I"m running a full raid 5 so I'm not as concerned with the drive replacement but being able to pick up the additional .5tb later on?


----------



## SirDice (Apr 7, 2014)

dpalme said:
			
		

> I'm curious about something, I still have two caddies in the dell 2950 I'm using to add additional space.  I have a spare 1.5TB drive I'd like to put to use right now.  If I add that drive and the run GROWFS to expand the file system and then later decide I want to replace the drive with say a 2tb drive will that present a problem?


As far as I know you can only use growfs(8) to expand an existing partition, you cannot use it to _add_ another disk. 



> I"m running a full raid 5 so I'm not as concerned with the drive replacement but being able to pick up the additional .5tb later on?
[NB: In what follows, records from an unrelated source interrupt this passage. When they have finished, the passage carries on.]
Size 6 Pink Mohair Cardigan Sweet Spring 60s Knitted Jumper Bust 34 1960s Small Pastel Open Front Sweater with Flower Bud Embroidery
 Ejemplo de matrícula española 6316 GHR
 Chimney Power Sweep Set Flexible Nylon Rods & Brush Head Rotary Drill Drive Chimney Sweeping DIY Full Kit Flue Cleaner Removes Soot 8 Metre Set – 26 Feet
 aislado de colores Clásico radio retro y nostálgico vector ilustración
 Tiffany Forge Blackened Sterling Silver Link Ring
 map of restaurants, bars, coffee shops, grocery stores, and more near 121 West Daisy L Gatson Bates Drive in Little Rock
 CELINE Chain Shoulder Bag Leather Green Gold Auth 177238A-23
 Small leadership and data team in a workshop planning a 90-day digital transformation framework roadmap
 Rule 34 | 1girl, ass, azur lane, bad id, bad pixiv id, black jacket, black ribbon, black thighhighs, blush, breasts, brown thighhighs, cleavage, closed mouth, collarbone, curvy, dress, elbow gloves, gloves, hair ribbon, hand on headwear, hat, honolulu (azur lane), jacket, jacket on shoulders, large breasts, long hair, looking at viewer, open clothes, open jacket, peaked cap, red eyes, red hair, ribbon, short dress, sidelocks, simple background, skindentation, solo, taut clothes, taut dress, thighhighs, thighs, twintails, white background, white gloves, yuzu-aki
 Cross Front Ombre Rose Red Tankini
I've done that recently with a ZFS RAID-Z pool and it worked like a charm. Swapped out each 2 TB drive for a 3 TB one, let it resilver, then replaced the next one. Once all the drives were replaced the additional space became available.


----------



## dpalme (Apr 7, 2014)

So you're saying that there is no way to increase disk capacity with FreeBSD? 

That makes no sense.


----------



## wblock@ (Apr 7, 2014)

dpalme said:
			
		

> So you're saying that there is no way to increase disk capacity with FreeBSD?



No, that is not what he said.  growfs(8) is for enlarging UFS filesystems.  If your RAID has available space, that might work.  But a normal RAID5 will not give more space by replacing only one drive.


----------



## SirDice (Apr 8, 2014)

wblock@ said:
			
		

> But a normal RAID5 will not give more space by replacing only one drive.


Or by adding one drive.


----------



## Jimmy (Apr 8, 2014)

ZFS could really do with raid4 support for this scenario and the ability to rebuild the stripes+parity.


----------



## SirDice (Apr 8, 2014)

Jimmy said:
			
		

> ZFS could really do with raid4 support for this scenario and the ability to rebuild the stripes+parity.


It's not as easy as you might think. 

https://blogs.oracle.com/ahl/entry/expa ... tic_raid_z


----------